Later that day, Shores Mayor Brian Barefoot issued a statement, emphasizing that the PSC’s ruling is specifically meant to clarify the situation between Vero and unincorporated Indian River County – not the Shores.

“Should the PSC follow its staff recommendation, it would confirm that the City has the right and obligation to continue providing service in the unincorporated areas of the County upon expiration of the franchise agreement,” Barefoot said. “It is important to repeat that the PSC staff recommendation has no bearing on the lawsuit our Town has filed in circuit court, and indeed the staff acknowledged this in its recommendation.

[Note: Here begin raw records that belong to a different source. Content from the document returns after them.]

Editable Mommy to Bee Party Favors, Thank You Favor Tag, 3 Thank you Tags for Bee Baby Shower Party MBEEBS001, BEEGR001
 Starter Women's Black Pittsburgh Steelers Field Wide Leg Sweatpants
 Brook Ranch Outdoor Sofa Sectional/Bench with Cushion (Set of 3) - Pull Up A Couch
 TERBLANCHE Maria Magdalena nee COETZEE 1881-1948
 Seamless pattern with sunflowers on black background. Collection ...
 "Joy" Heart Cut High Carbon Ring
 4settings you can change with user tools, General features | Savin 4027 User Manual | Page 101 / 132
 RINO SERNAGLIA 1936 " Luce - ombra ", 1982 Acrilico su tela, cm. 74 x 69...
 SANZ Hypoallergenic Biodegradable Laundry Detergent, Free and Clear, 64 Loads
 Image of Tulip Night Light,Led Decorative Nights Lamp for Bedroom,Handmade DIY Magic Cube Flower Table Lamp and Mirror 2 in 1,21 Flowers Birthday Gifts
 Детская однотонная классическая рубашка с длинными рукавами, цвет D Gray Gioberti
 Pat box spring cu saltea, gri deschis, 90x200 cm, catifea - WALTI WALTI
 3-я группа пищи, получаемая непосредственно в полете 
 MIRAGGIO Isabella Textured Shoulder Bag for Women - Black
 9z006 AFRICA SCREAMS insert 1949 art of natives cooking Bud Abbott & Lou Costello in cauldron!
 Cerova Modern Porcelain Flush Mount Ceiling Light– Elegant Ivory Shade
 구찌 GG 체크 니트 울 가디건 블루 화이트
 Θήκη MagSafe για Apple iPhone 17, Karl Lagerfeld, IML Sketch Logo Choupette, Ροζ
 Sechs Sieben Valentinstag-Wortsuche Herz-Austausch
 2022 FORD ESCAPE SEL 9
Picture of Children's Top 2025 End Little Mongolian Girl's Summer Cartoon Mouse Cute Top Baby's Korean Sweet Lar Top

The staff made clear that the City’s petition does not concern or address the pending lawsuit.”

Should Vero Beach be inclined to hammer out some sort of settlement with the Shores that would end the lawsuit, but assure Vero’s taxpayers that they’ll still have funding coming in from 20,000 Indian River County ratepayers at the end of the day, the PSC’s decision might be the window of opportunity Vero and the Shores have been looking for.

Barefoot again emphasized the daylight between the County’s position and the Town’s rights under state law.

“As I have said before, our lawsuit is fundamentally different than the County’s filing,” he said. “One of the key issues in our pending lawsuit is that, under Florida’s constitution and municipal law, the City (of Vero Beach) does not have the extraterritorial powers to encroach and serve within the Town’s corporate limits without the Town’s consent. The PSC staff’s recommendation on the County’s petition recognized that such constitutional issues are reserved for the courts, not the PSC.”

The hearing is scheduled to take place at 9:30 a.m. Tuesday at the PSC’s headquarters in Tallahassee.